Dien Bien Phu is always spoken in the same breath as Khe Sahn if you are American. In both cases, the North Vietnamese surrounded a major fire base and tried to wipe it out. In the case of the French at Dien Bien Phu, they succeeded. Nobody thought the North Vietnamese could get anti-aircraft guns or heavy artillery in there, but they did. France lost a large percentage of their elite Paratroop and Foreign Legion units there, and at the end of the battle they negotiated a cut and run. We could have saved the French at Dien Bien Phu with a massive airstrike, and our Air Force was ready to launch it when the politicians in D.C. turned craven and left the French to twist in the wind. Thanks to that, we inherited the war.
Bernard Fall wrote another book, on the Indochinese war up to the point of Dien Bien Phu. It covers the different major operations of the first years of the war. The French did not have enough troops, weapons or money but they put up a good fight. They did have some very good forces, including a unit that had been fighting with the UN in Korea and was withdrawn because things were getting tight in Indochina.
What strikes me as strange is how many big battles were fought right in the same places, first by the French then by us. But no one seems to have realized it at the time, and the Americans made the same mistakes, in the same locations, with the same results. Trying to use South Vietnamese troops worked out even worse for us than it did for the French, and that's saying something because by and large, the South Vietnamese were worthless.
It's interesting to read about the French Foreign Legion in Indochina. A great number of them were former German Army soldiers, and they had a great record, both there and in Algeria later. But when part of the French Army revolted against De Gaul in Algeria , the Foreign Legion was implicated and many of it's best units were disbanded. I saw the Foreign Legion at work in Lebanon and was much impressed. Even then, there were still an inordinate number of German soldiers in it, mostly long term guys who were unimpressed with 50 years of Garrison Duty , which at the time was all the German Army had done since WW2. They wanted to see the elephant, and that's how they got in the Legion.
It's a strange fact that the North Koreans and Red Chinese were equipped with large numbers of German and American weapons from World War II. The German weapons were gifts to the fraternal communist forces from the Russians, captured during World War II. The American weapons were given to Chaing Kai Shek during and after World War II. When his regime collapsed and the communists took over, they inherited vast quantities of American weapons and equipment.

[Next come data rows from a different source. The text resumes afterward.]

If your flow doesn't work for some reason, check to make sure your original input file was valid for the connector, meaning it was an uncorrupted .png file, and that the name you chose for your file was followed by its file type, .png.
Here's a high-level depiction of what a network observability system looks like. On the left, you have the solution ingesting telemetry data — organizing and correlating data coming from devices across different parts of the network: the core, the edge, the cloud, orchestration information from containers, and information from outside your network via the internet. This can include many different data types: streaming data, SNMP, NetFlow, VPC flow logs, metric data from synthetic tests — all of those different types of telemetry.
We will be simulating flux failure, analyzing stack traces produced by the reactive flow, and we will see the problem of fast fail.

They then gleefully used all this material against us. A list of weapons captured by one USMC company from the North Koreans included the Thompson submachine gun, Springfield M1903 and 1903A4, M1911 Colt, .30 caliber "American Enfield", K98 Mausers, MP-40 submachine gun, Walther P38, Mosin Nagant rifles, Russian sub guns, Tokorov pistols and the list goes on. How would you like to have been responsible for ammunition supply for that Army?
The classic book on Korea is This Kind of War, and my copy comes from the Marine Corps Association Bookstore at Quantico, Va.

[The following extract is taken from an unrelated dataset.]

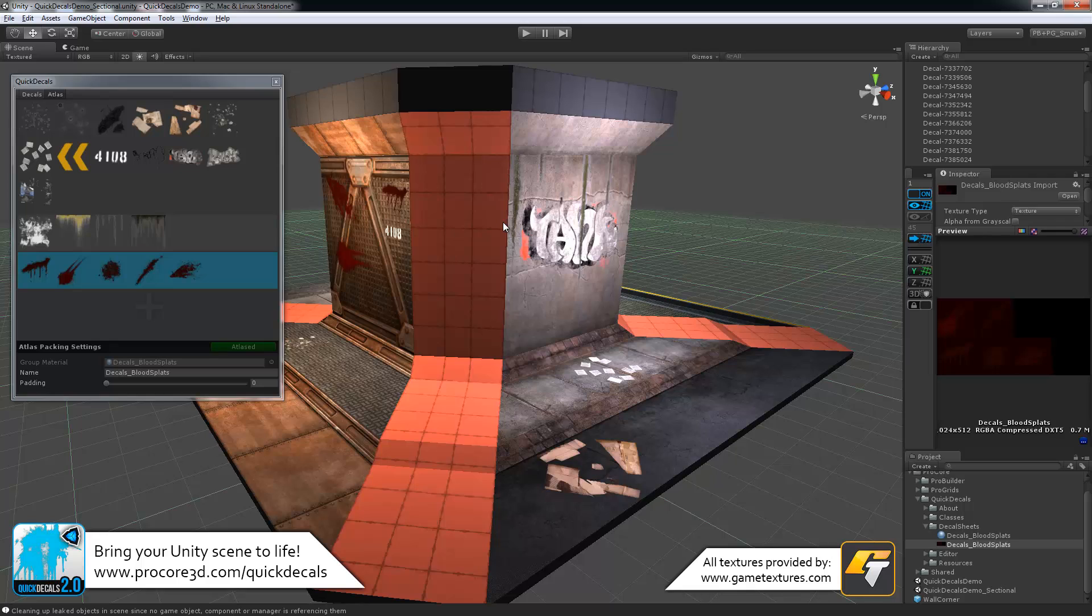So we're very excited to hear what everyone thinks of this brand new update to quick decals. We know the previous version was a bit lacking, and this is just a completely new take on all that and really should be great to use. I've been using it quite a bit myself for some level building and having a great time with it. Definitely looking forward to everyone's feedback and input on that.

Korea probably isn't at the top of current military officers reading lists, but it ought to be. Everything we could possibly have done wrong , we did at the start of that war. Since no culture records it's failures with the same enthusiasm as it's victories, not a lot is written about Korea.
Still, anyone on active duty today could learn a lot from this book, if they could find a copy. Once you start reading it, it's very hard to put down.
Last night, or perhaps I should say early this morning, I finished this book. It was written just after World War I, and though it's old, it's still interesting and informative. One thing that I found worth thinking about is the contention of Nickerson that societies inevitably decay, that civilization is a constant pulse, going up and then slowly deteriorating until it collapses and is replaced by a new version. Most of the book deals with the Romans, but there are sections on earlier and later cultures as well.
Winter is a good time for reading. I've read all these books before, but it seems like I always learn something new every time I read a book for the second time. With the weather being so bad, it's a good pass time. I sit up in my study, with the big skylights and the window looking out over the mountains, and half the time I seem to wind up going to sleep in the big easy chair there. Maybe I am hibernating and just don't know it.